Yakın temasla bulaşıyor, sinsi ilerliyor… Kliniklere başvuru sayısı arttı
Uyuz vakaları hem dünyada hem Türkiye’de artış gösteriyor. Hastalık kendini uyutmayan gece kaşıntıları ve sivilce benzeri döküntüler şeklinde gösteriyor. Uyuz hastalığında yakın temasta bulunan kişilerin uzmana başvurması gerektiğinin altını çizen Dr. Gökhan Şahin, son dönemlerde dermatolojiye gelenlerin yüzde 20'sini uyuz vakalarının oluşturduğunu bildirdi.
Kaşıntı şikayetiyle dermatoloji polikliniklerine giden kişilerin birçoğuna uyuz tanısı konuluyor. Peki, uyuz belirtileri neler, hastalığın teşhisi nasıl konuluyor? Ondokuz Mayıs Üniversitesi (OMÜ) Dermatoloji Anabilim Dalı Doktor Öğretim Üyesi Gökhan Şahin, hastalıkla ilgili önemli bilgiler aktardı.
HASTALARIN YÜZDE 20’SİNDE UYUZ GÖRÜLÜYOR
Salgın döneminde ve deprem sonrası toplu yaşama alanlarında uyuz vakalarında artış gözlemlendiğini söyleyen Şahin, "Yurt ve askeri alanlardan hastalarımız geliyor. Oran verecek olursak 2014 yılında haftada bir civarında uyuz görürken şu anda baktığımız hastaların yüzde 20 civarı uyuz vakalarından oluşuyor" dedi.

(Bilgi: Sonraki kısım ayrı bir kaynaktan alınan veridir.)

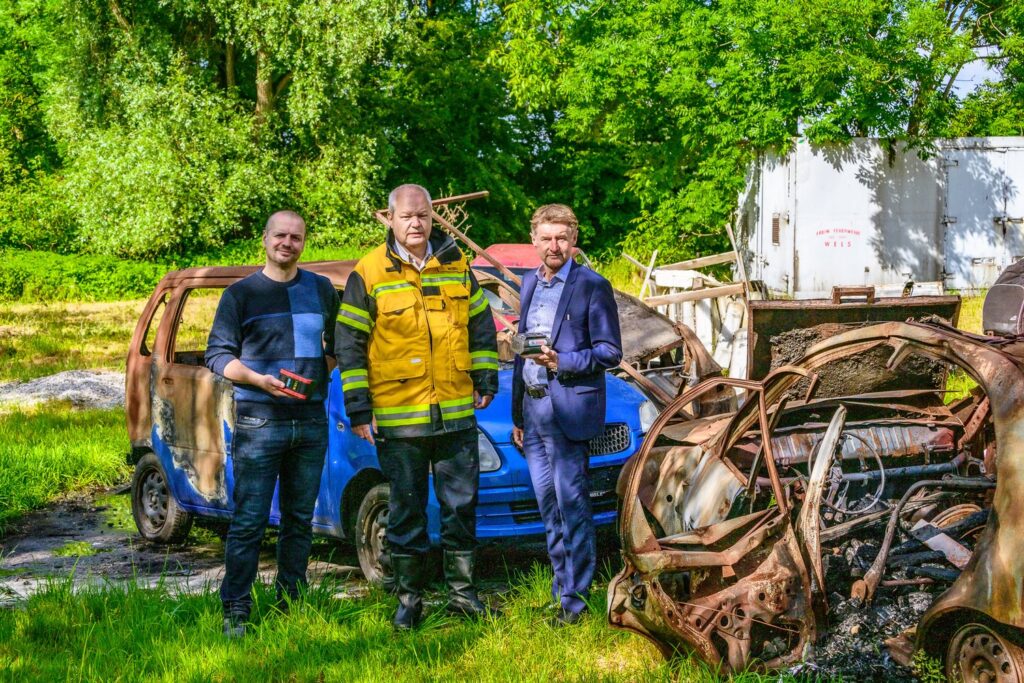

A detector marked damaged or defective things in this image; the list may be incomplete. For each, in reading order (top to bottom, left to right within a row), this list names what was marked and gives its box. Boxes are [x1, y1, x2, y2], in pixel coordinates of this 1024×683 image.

burned car interior [606, 309, 1024, 679]
burned car wreck [606, 317, 1024, 679]
rusted car body [606, 317, 1024, 679]
rusted metal frame [856, 479, 991, 602]
rusted metal frame [954, 393, 987, 450]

GECE UYKUDAN UYANDIRAN KAŞINTIYA DİKKAT
Uyuz olduğundan şüphelendikleri hastaların hepsinde hemen tedaviye başladıklarını bildiren Şahin, "Özellikle gece artan kaşıntı ve evde başka birinde daha kaşıntı olması bizim için en fazla uyuzu düşündüren sebepler. Hastalara sorduğumuz iki soru var, gece uykudan uyandıran kaşıntınız var mı, evde başka birisi de kaşınıyor mu? Sonrasında muayenemizde bizim için önemli olan şey uyuz hastalığının tutunduğu yerler. El parmak araları, göbek çevremiz, bileklerimiz, göğüs çevremiz, genital bölgesi, ayak çevresi en çok tutulan alanlar olmakta uyuz açısından. Buraları dikkatli bir şekilde muayene ediyoruz, görebilirsek uyuz akarlarını görmeye çalışıyoruz. Gözle görülmeyecek akarları ise vücuttan kazıntı alarak mikroskopta inceliyoruz" dedi.
TEMASLIYSANIZ VAKİT KAYBETMEDEN UZMANA GÖRÜNÜN
Eğer evde birden fazla kişide kaşıntı varsa en yakın dermatoloji uzmanına zaman kaybetmeden gidilmesi gerektiğini hatırlatan Şahin, şunları belirtti:
"Doktorunuzun önerdiği tedaviyi ailece tam anlamıyla kullanmak çok önemli. Ama genelde bu tedaviye karşı hastalardan direnç görüyoruz. Bu direncin sebebi hastaların iyileşmemesi. Burada en önemli sebep hastalarımızın genellikle tedaviyi yanlış kullanması. Çünkü bu mikrop bulaştığında genellikle 3 ila 6 hafta sonra kaşıntı oluşmaya başlıyor, hemen kaşıntı oluşmuyor. Hastalarla 6 hafta içerisinde yakın temasta bulunan herkese tedavi olmasını öneriyoruz ama hastalar genellikle yakın temaslı dahi olsa tedavi olmuyor kaşınmıyorum diye. Sonrasında üç dört hafta sonra kaşıntı başlayınca da bu sefer diğer asıl tedavi gören kişinin tedavisi yarım kalmış oluyor."